Your response should be the lines from the one holding "With Parking Space" to the last line of the data below, copied exactly and with no additions.
Content starts
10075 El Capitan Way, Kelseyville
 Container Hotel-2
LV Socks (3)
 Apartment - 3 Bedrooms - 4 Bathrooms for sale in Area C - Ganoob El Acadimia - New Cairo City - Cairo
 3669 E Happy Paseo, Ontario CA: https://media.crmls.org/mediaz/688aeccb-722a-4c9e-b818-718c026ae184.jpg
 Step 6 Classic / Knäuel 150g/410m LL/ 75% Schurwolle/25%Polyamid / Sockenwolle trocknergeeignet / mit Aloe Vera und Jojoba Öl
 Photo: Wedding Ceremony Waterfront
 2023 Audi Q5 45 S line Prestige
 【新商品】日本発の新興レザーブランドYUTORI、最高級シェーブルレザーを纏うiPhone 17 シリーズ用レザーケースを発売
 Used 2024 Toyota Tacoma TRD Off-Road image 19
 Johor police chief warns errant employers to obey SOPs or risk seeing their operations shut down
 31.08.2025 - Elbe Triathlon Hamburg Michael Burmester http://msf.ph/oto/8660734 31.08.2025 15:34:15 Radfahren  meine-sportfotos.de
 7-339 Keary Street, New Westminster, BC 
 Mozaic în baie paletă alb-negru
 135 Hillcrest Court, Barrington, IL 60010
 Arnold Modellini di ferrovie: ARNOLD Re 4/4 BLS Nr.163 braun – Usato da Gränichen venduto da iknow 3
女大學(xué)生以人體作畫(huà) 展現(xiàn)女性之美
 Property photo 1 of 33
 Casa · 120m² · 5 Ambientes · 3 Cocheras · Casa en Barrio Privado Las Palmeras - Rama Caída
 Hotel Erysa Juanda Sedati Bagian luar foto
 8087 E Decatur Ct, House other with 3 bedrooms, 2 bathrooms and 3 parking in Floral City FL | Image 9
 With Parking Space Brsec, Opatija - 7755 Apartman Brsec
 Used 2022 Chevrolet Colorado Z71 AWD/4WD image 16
Content ends
**ANSWER AREA**
 With Parking Space Brsec, Opatija - 7755 Apartman Brsec
 Used 2022 Chevrolet Colorado Z71 AWD/4WD image 16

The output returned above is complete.